Immigration rejection, RCMP probes, secret notations about him with Canada’s spy agency, accusations of organized crime ties, court battles with the government and lawsuits with former business partners have been his reward.
His November visit can be seen as something of a triumph, as it meant overcoming a 19-year ban on entering Canada for alleged involvement in organized crime, an accusation he steadfastly fought as unfair and baseless. Mr. Malkin, never charged with a crime, says he is a victim of Western prejudice against Russia’s business elites, with an assumption that their wealth comes from mobsters or corruption.
However, Mr. Malkin also found that not everything about his past was forgotten when he again crossed the Canadian border.
This summer he raised international ire when he led a delegation to Washington to defend Moscow against accusations of human-rights abuses in the 2009 death of Russian accountant Sergei Magnitsky, which has become a global cause célèbre and a source of significant diplomatic friction between the U.S. and the Kremlin.
It all left Mr. Cotler and Ms. Frum telling the National Post they regret the meeting with Mr. Malkin, with Mr. Cotler now wondering if, by offering help on the Wallenberg mystery, Mr. Malkin: “felt this was a way to perhaps sanitize his reputation.”
For 20 years, Mr. Malkin has eyed Canada, applying to live here and seek citizenship, investing millions in Toronto real estate.
On Nov. 21, 2012, Mr. Cotler was hosting Ms. von Dardel, Mr. Wallenberg’s niece, during her visit to Ottawa. They shared a stage that evening with Jason Kenney, the immigration minister, at the opening of a Wallenberg exhibit at the Canadian War Museum. Wallenberg — who issued bogus Swedish passports to protect an estimated 100,000 Jews in Hungary from Nazi death camps — was arrested in 1945 by the invading Red Army and disappeared. He is presumed to have died in Soviet custody; how, when and why remains a mystery, but his legacy is celebrated as much in Canada as anywhere: He was named Canada’s first honorary citizen in 1985 and, in January, Canada Post issued a commemorative stamp in his honour.
“I don’t really know very much about him,” Ms. Frum said, when asked about the meeting with Mr. Malkin. “I simply took at face value that he was a member of the Russian legislature and therefore potentially somebody of influence and potentially somebody who could help solve this important Jewish mystery, this moral mystery that is of great emotional significance.”
Added Mr. Cotler: “[Mr.
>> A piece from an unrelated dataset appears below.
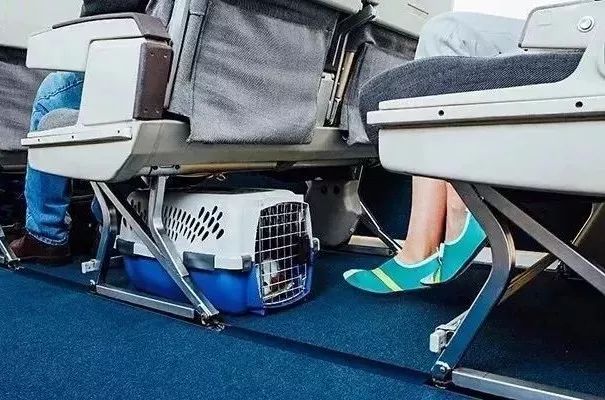 适合夏天穿的出街鞋,夏季出游必备舒适鞋款轻软不累脚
Malkin] said that sometimes people go through official channels and don’t get anywhere but he had — quote — ‘informal’ channels that he could go through and that he believed that he could, in fact, get us some information with respect to Wallenberg.”
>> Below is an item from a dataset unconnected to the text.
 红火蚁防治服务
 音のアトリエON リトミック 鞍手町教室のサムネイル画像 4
For his part, Mr. Malkin declined to divulge details about the meeting. “I did indeed have a discussion about Raoul Wallenberg — but the sensitive nature of the case precludes me from offering any additional details,” Mr. Malkin said in an e-mail interview.
It wasn’t until afterwards that Mr. Cotler and Ms. Frum learned more about the friendly Russian senator, they both said.
Mr. Cotler said it became clear that “I didn’t want to have anything further to do with him.” Ms. Frum said it was “wrong to seek help down this avenue.” Mr. Ronen said he is just looking to solve the Wallenberg mystery and has no involvement in political concerns. Mr. Wagner declined to discuss it. Later, Ms. Frum added: “If Russia were an exemplary democracy, these files would have been opened long ago. But those of us who want truth in the Wallenberg matter must deal with Russia as it is, not as we would like it to be.”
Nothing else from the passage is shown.